The lines running from the one that contains "Who's HELLO KITTY" to the end of the records below are what to reproduce, exactly and without pictures.

▶

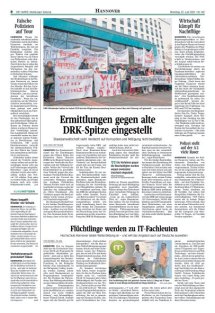 DIE HARKE Seite 8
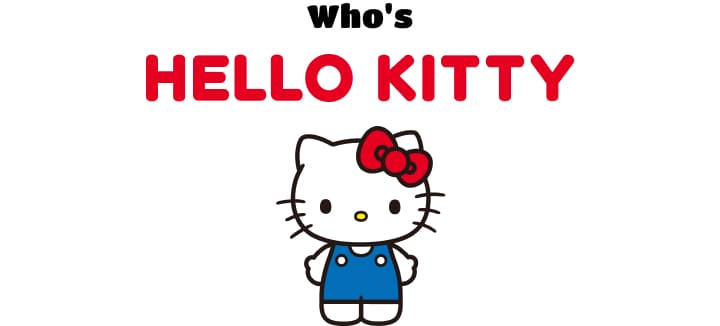 Who's HELLO KITTY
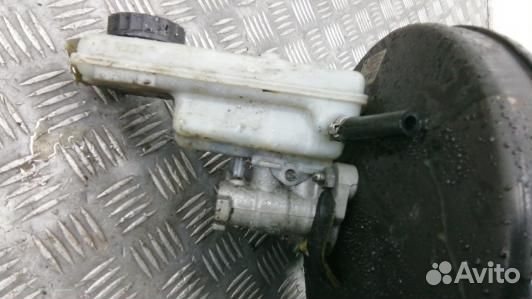 Вакуумный усилитель тормозов renault kangoo 2 (90H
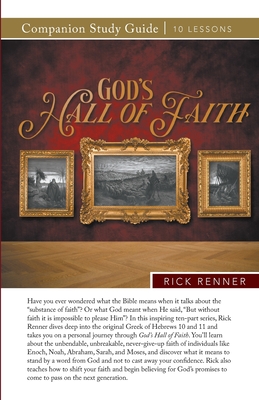 God's Hall of Faith Study Guide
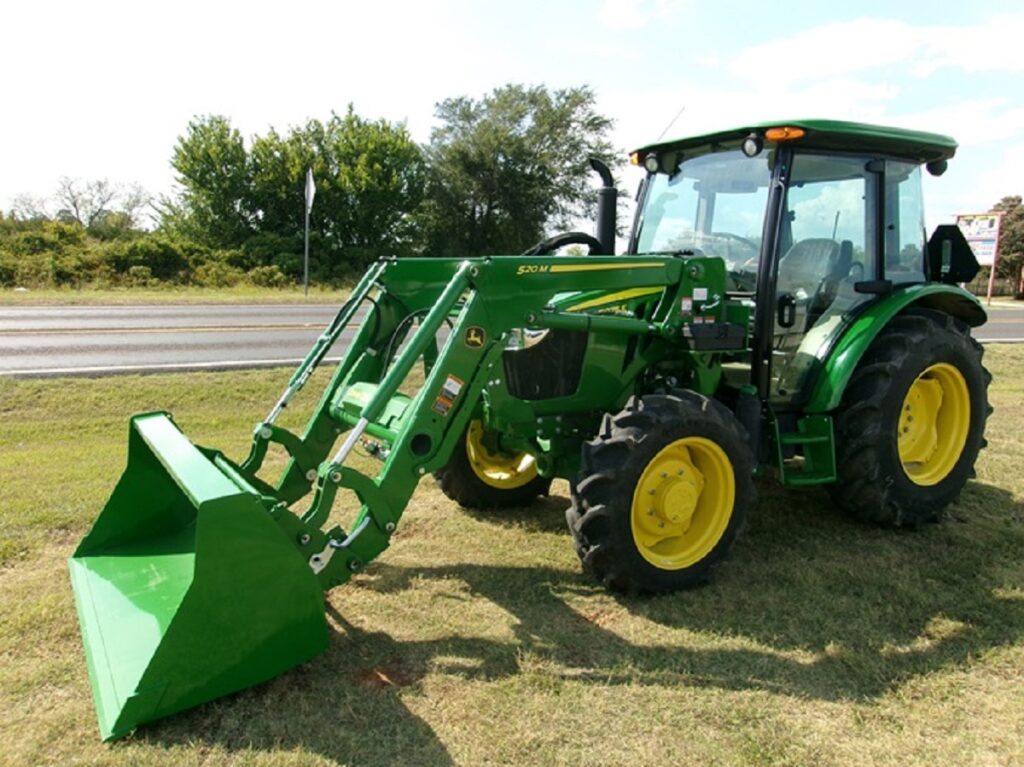 2020 John Deere 5075E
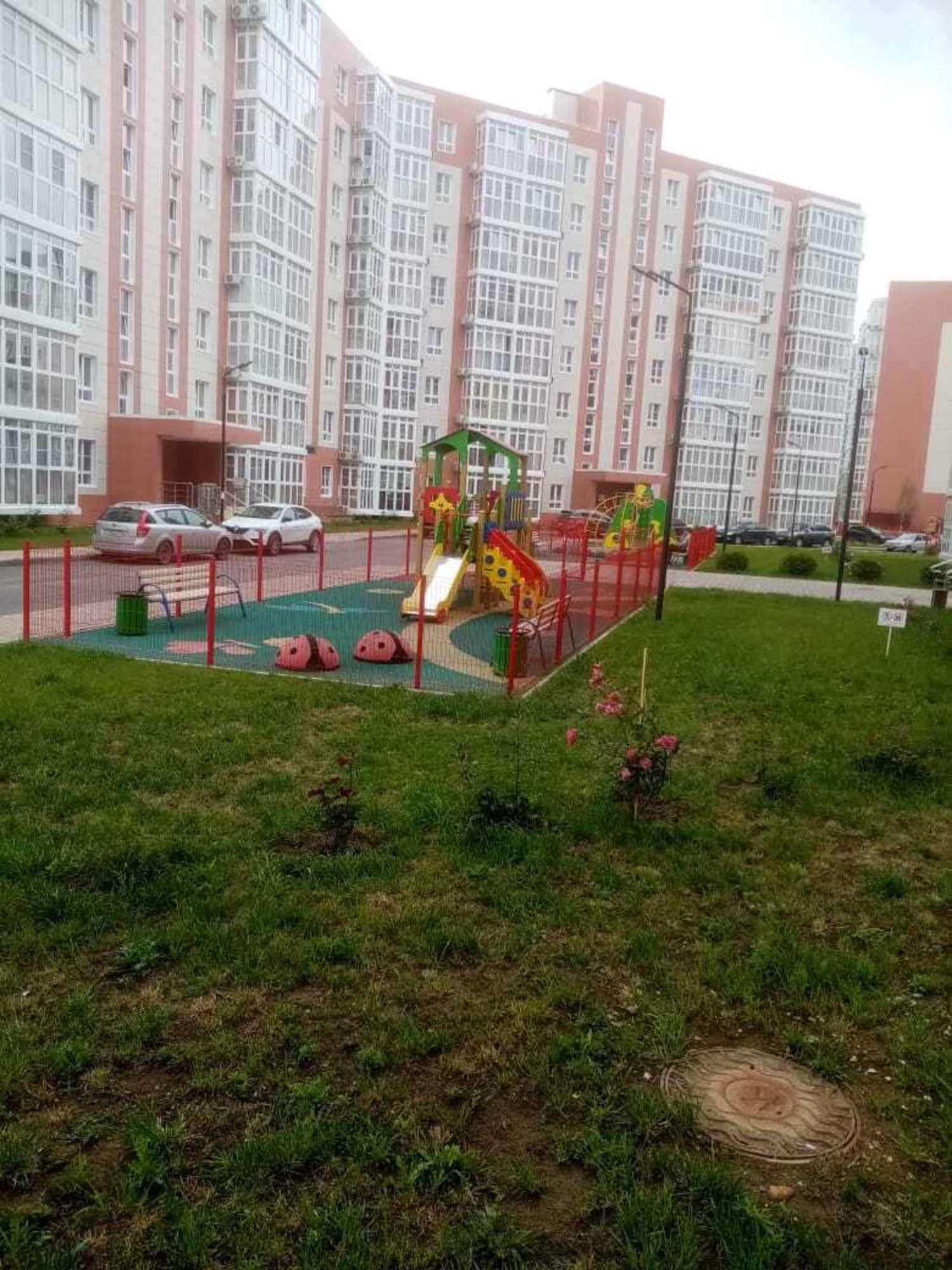 Купить квартиру за 5 550 000 рублей на Мирная улица, 29к4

◀

Response area:
 Who's HELLO KITTY
 Вакуумный усилитель тормозов renault kangoo 2 (90H
 God's Hall of Faith Study Guide
 2020 John Deere 5075E
 Купить квартиру за 5 550 000 рублей на Мирная улица, 29к4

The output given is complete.